For this reason, the BRST operator examined in the present paper is quite minimal. Although the symmetries of interest do include invariance under some gauge group, and under Lorentz transformations, we do not include the gauge group, or the Lorentz transformations, in the BRST operator whose cohomology we will examine here. The result is that we find a host of ‘covariant’ composite operators in the cohomology space. If we had imposed invariance under Lorentz transformations, or an internal Lie algebra, these covariant objects in the cohomology space would have been excluded.

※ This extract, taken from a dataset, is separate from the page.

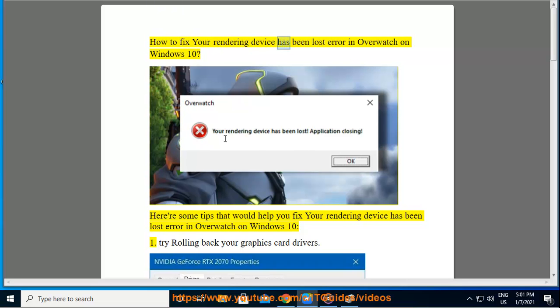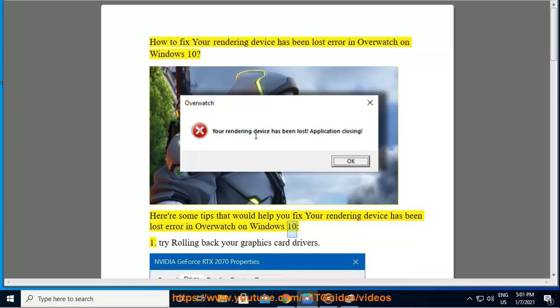How to fix your rendering device has been lost error in Overwatch on Windows 10. Here are some tips that will help you fix this error.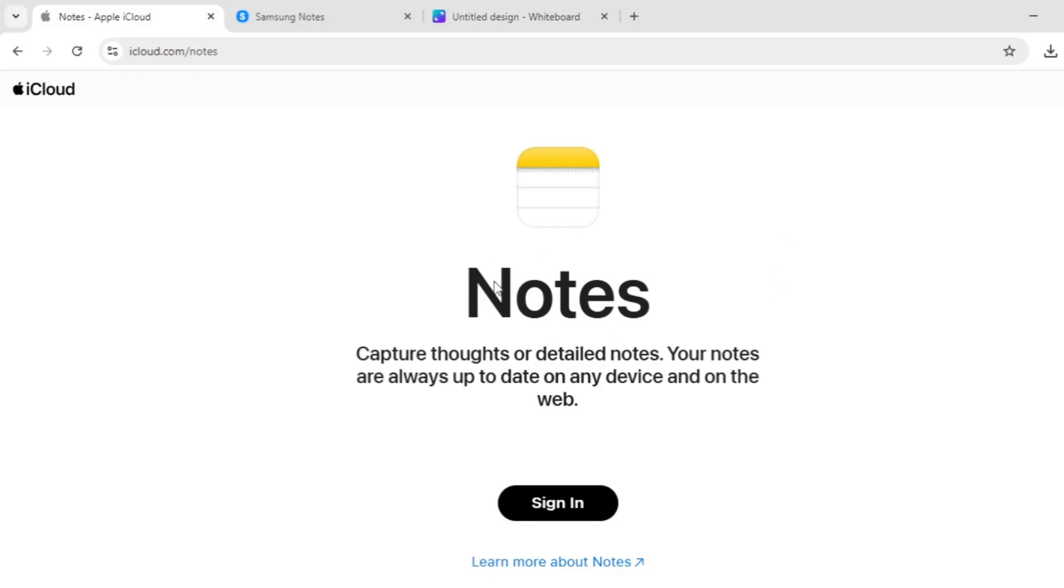First up, we have Apple Notes. It's a free app built into all Apple devices, iPhones, iPads, and Macs.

So, in this paper, we work out the BRST cohomology for the simplest possible BRST operator for chiral rigid SUSY in 3+1 dimensions. The result is fairly complicated, and we find objects which are covariant under the Lorentz group (they have spinor indices) and under the internal Lie algebra (they have internal indices).

The calculation of the cohomology is accomplished using the mathematical machinery of spectral sequences. This very detailed task constitutes the bulk of the technical part of this paper, and it is mostly contained in the Appendices. The main body of the paper explains the results with as little technical detail as possible. The results do suggest possible further developments, but in this paper, which is already very long, we restrict the analysis to the cohomology, leaving interpretation and related issues for other papers.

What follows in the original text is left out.